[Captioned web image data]

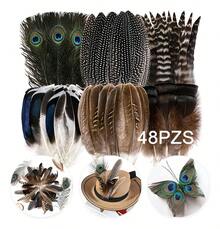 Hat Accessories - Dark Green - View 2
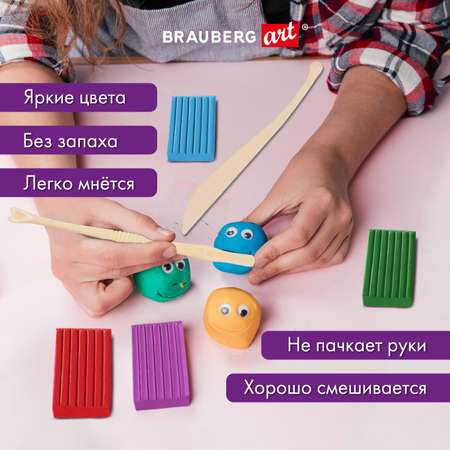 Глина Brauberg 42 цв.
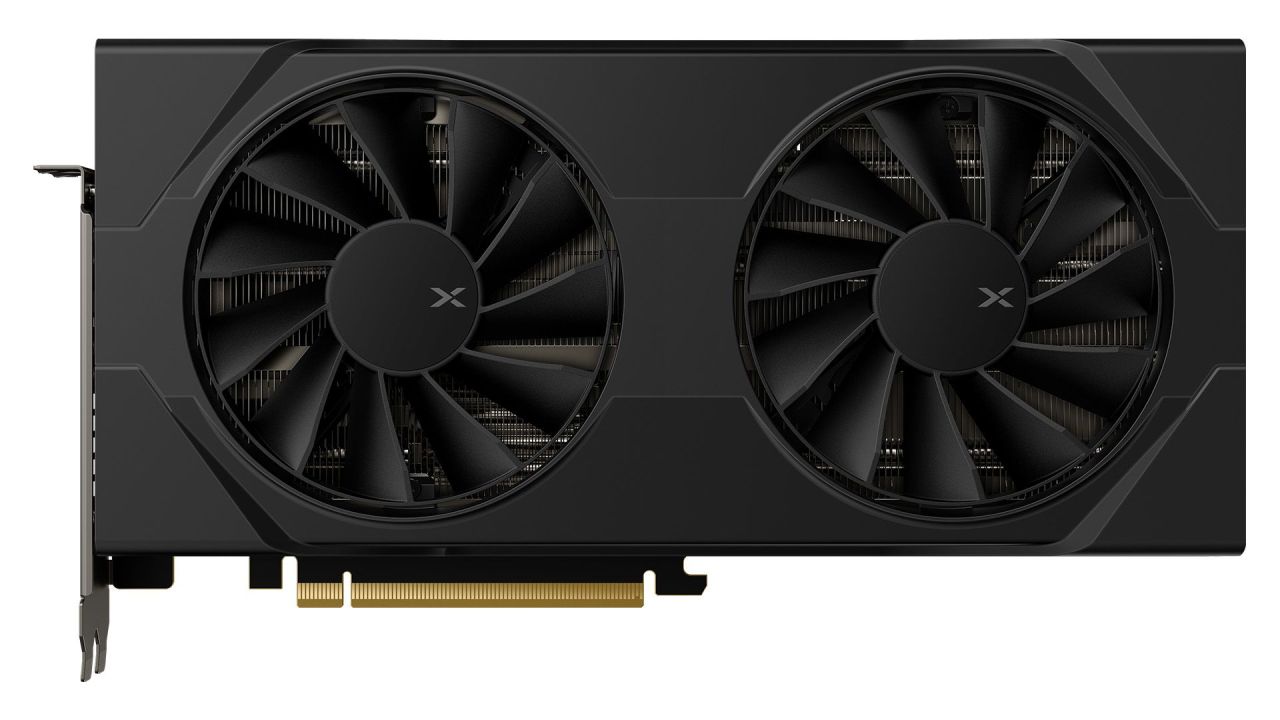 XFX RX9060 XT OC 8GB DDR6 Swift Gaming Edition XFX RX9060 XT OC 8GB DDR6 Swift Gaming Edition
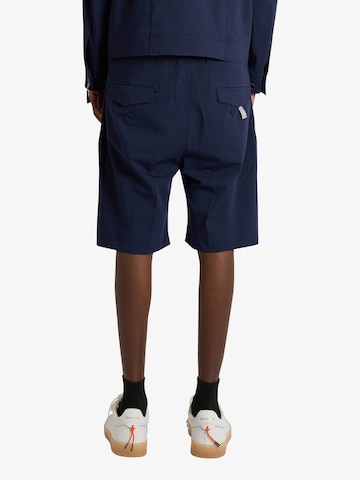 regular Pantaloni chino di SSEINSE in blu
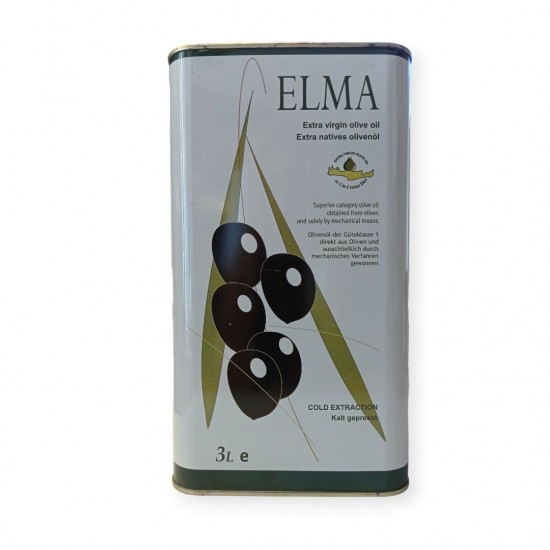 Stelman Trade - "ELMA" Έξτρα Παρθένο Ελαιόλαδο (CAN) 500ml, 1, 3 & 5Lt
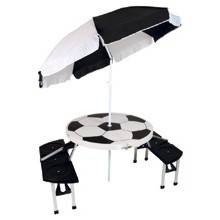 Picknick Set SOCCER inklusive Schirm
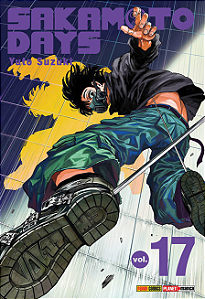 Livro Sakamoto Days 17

#### What the task asks
The lines wanted are those from the one with "regular Pantaloni chino di SSEINSE in blu" to the end of the entries above, repeated exactly, both ends included. Leave out the pictures.

#### Response area
 regular Pantaloni chino di SSEINSE in blu
 Stelman Trade - "ELMA" Έξτρα Παρθένο Ελαιόλαδο (CAN) 500ml, 1, 3 & 5Lt
 Picknick Set SOCCER inklusive Schirm
 Livro Sakamoto Days 17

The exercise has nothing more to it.